----- Data block -----
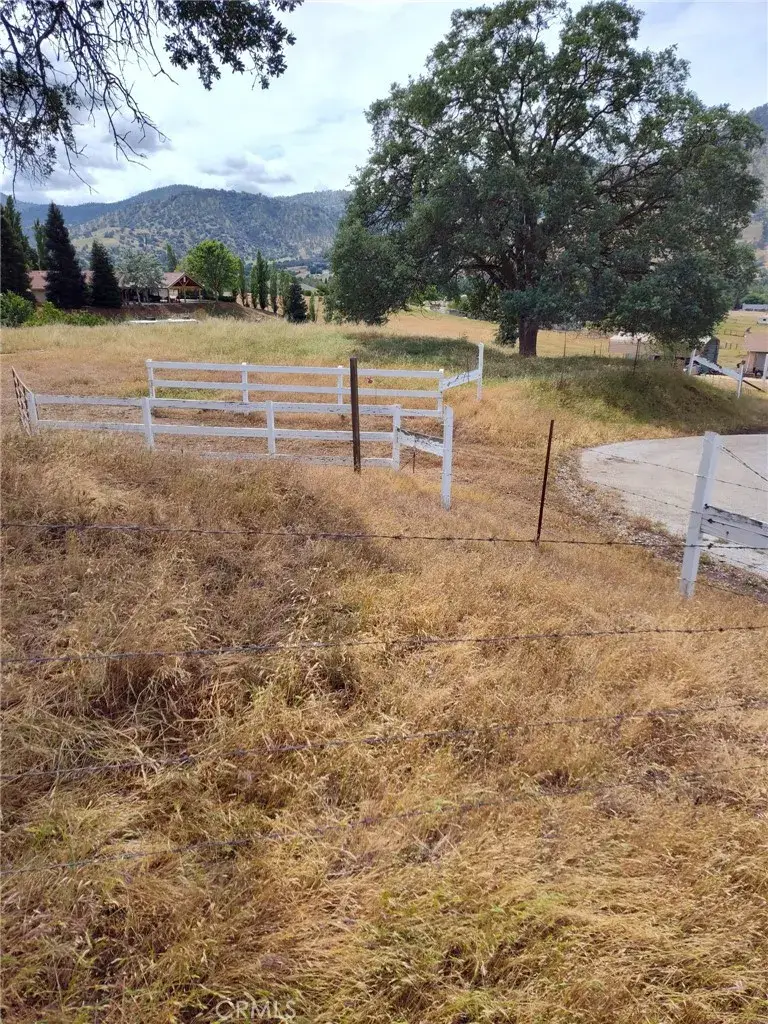 8121 Monreal, Sanger, CA 93657 - #2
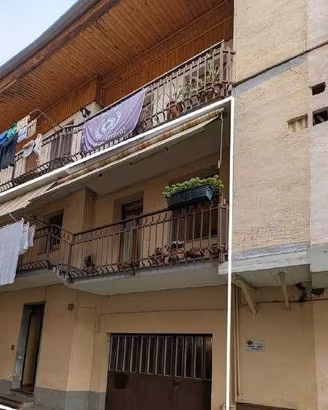 Immobile in asta di 115 m² con 3 locali e box auto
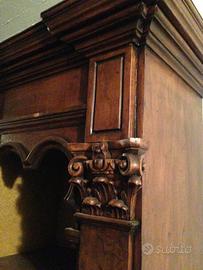 Mobile libreria- Credenza antica in legno massello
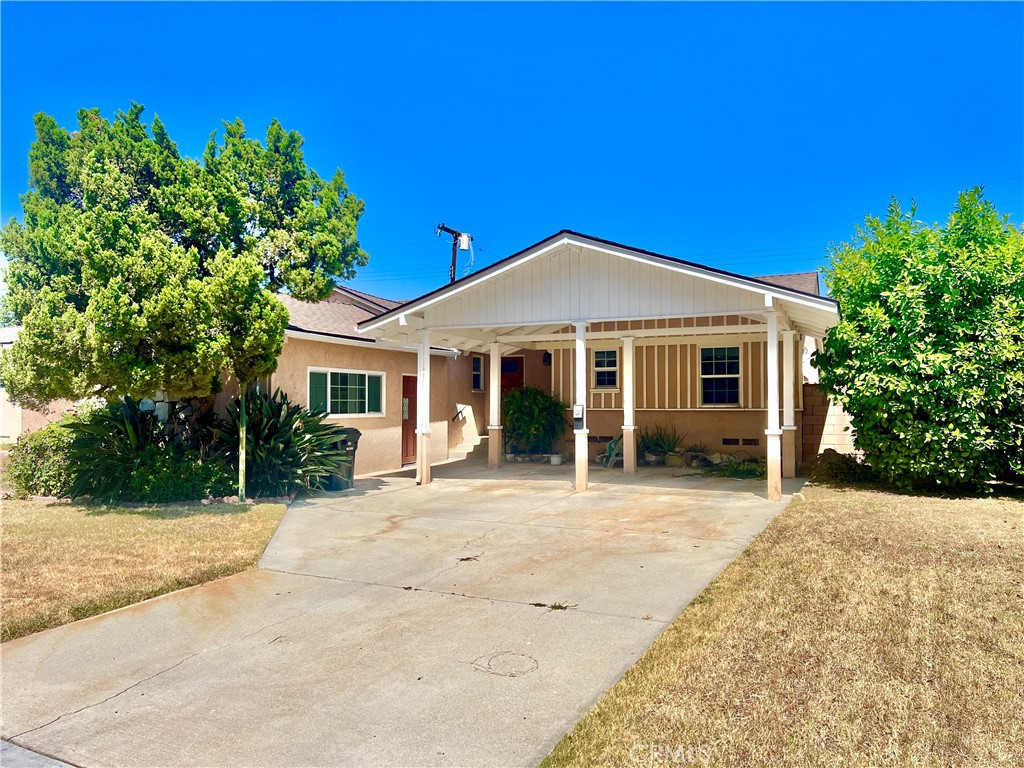 16527 Superior Property Photo 3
-----
◆ Task instructions
From the line with "Mobile libreria- Credenza" to the last line of the material, both inclusive, set down every line exactly and nothing else; omit pictures.

◆ Reply to the exercise
 Mobile libreria- Credenza antica in legno massello
 16527 Superior Property Photo 3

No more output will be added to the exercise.